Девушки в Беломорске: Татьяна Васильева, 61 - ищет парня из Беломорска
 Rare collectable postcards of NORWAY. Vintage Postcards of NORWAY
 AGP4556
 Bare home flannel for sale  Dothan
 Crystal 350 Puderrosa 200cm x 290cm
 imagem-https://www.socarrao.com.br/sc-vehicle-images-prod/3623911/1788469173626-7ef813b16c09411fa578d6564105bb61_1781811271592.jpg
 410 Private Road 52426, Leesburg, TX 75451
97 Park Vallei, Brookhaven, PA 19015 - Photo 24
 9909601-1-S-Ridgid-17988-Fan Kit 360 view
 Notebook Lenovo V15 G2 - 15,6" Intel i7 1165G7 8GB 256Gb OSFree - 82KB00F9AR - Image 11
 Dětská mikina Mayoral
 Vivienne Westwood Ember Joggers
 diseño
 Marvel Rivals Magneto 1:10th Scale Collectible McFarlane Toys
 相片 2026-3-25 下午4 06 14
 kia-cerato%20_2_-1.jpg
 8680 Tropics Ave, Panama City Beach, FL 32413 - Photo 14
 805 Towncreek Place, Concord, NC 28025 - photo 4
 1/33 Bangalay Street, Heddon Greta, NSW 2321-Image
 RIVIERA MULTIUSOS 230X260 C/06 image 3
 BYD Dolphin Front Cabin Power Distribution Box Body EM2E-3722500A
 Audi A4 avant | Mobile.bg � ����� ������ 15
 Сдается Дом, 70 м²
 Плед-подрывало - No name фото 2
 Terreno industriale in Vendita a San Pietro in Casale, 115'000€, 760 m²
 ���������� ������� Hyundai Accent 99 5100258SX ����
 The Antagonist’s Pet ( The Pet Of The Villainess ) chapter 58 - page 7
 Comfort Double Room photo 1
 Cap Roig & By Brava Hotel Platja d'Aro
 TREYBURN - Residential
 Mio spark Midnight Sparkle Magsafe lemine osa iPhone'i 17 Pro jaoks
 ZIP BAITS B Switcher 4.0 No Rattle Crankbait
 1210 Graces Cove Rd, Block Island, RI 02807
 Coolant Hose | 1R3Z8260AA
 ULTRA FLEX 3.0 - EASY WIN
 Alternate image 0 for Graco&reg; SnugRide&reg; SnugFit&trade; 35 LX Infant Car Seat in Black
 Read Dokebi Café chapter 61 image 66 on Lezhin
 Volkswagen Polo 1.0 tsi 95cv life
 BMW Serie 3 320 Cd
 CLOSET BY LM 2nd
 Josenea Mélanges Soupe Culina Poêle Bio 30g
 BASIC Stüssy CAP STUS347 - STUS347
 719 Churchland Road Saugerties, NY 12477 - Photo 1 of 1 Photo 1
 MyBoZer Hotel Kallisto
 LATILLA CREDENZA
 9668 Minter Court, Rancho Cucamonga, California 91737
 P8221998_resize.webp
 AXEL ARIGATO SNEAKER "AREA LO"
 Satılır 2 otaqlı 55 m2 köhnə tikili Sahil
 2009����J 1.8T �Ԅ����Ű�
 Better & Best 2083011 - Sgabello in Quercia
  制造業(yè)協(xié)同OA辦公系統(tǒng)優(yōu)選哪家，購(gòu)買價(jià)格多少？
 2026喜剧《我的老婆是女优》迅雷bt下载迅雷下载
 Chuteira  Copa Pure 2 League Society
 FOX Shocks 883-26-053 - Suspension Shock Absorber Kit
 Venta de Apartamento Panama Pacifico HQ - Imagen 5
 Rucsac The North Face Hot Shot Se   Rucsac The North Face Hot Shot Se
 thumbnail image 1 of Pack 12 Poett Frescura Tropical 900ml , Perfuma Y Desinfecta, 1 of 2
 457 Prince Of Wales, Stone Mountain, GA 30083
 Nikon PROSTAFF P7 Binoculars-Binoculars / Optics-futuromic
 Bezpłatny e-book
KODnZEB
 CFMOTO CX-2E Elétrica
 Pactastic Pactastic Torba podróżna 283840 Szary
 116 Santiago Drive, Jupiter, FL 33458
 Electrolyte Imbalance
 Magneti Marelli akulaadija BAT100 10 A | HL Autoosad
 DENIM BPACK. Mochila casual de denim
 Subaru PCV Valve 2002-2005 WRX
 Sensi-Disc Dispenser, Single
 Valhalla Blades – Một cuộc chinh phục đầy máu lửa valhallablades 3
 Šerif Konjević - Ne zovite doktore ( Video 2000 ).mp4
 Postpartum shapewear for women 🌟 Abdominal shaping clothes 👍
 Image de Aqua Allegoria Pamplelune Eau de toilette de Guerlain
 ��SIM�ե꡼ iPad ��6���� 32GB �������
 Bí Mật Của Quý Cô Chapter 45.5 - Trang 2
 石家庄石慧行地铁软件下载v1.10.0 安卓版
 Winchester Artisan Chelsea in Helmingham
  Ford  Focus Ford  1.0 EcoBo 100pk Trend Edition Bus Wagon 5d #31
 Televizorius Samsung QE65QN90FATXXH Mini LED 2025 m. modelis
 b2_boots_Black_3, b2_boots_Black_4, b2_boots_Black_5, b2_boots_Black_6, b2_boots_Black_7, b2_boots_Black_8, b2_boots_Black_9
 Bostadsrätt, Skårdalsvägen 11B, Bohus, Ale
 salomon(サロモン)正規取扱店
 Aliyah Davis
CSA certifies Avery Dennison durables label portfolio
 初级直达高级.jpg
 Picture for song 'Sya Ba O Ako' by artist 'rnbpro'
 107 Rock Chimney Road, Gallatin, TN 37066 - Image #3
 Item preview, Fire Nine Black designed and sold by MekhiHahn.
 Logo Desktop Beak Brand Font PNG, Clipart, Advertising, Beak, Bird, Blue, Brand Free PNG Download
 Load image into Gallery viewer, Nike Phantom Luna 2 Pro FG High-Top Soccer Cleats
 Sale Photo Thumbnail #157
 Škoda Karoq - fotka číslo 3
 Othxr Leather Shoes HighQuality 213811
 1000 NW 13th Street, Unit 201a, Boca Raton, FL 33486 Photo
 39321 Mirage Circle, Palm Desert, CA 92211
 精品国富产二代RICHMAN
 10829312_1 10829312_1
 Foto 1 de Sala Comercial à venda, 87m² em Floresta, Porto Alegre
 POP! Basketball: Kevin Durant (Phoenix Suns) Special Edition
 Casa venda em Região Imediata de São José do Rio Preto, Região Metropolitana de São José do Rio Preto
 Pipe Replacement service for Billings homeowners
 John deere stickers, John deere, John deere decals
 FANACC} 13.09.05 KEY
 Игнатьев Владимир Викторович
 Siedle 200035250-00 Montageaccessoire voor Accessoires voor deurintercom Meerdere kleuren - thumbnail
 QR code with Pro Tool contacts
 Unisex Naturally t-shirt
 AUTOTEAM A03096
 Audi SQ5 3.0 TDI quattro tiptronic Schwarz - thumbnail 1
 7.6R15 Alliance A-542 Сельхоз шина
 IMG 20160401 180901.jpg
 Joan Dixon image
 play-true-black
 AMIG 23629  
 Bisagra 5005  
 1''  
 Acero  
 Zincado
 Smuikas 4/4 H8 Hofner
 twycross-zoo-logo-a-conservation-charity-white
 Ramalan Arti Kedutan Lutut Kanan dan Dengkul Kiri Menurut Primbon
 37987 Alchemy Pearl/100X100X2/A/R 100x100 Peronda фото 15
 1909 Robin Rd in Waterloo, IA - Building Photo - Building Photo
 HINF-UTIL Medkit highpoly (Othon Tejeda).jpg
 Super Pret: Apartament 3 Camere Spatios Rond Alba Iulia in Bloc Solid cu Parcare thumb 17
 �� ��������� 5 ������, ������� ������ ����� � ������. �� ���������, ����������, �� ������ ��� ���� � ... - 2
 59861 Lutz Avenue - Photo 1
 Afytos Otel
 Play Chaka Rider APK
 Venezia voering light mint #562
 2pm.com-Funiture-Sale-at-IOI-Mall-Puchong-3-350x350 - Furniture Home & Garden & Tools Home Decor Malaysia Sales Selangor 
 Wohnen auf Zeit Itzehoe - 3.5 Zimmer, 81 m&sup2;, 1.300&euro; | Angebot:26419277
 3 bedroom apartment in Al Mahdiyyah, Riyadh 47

- - - - -

### Work instructions
Retype exactly the span of lines from the one with "Pipe Replacement service" through the one with "37987 Alchemy Pearl/100X100X2/A/R"; include both ends and omit the rest of the material.

### Answer to the problem
 Pipe Replacement service for Billings homeowners
 John deere stickers, John deere, John deere decals
 FANACC} 13.09.05 KEY
 Игнатьев Владимир Викторович
 Siedle 200035250-00 Montageaccessoire voor Accessoires voor deurintercom Meerdere kleuren - thumbnail
 QR code with Pro Tool contacts
 Unisex Naturally t-shirt
 AUTOTEAM A03096
 Audi SQ5 3.0 TDI quattro tiptronic Schwarz - thumbnail 1
 7.6R15 Alliance A-542 Сельхоз шина
 IMG 20160401 180901.jpg
 Joan Dixon image
 play-true-black
 AMIG 23629  
 Bisagra 5005  
 1''  
 Acero  
 Zincado
 Smuikas 4/4 H8 Hofner
 twycross-zoo-logo-a-conservation-charity-white
 Ramalan Arti Kedutan Lutut Kanan dan Dengkul Kiri Menurut Primbon
 37987 Alchemy Pearl/100X100X2/A/R 100x100 Peronda фото 15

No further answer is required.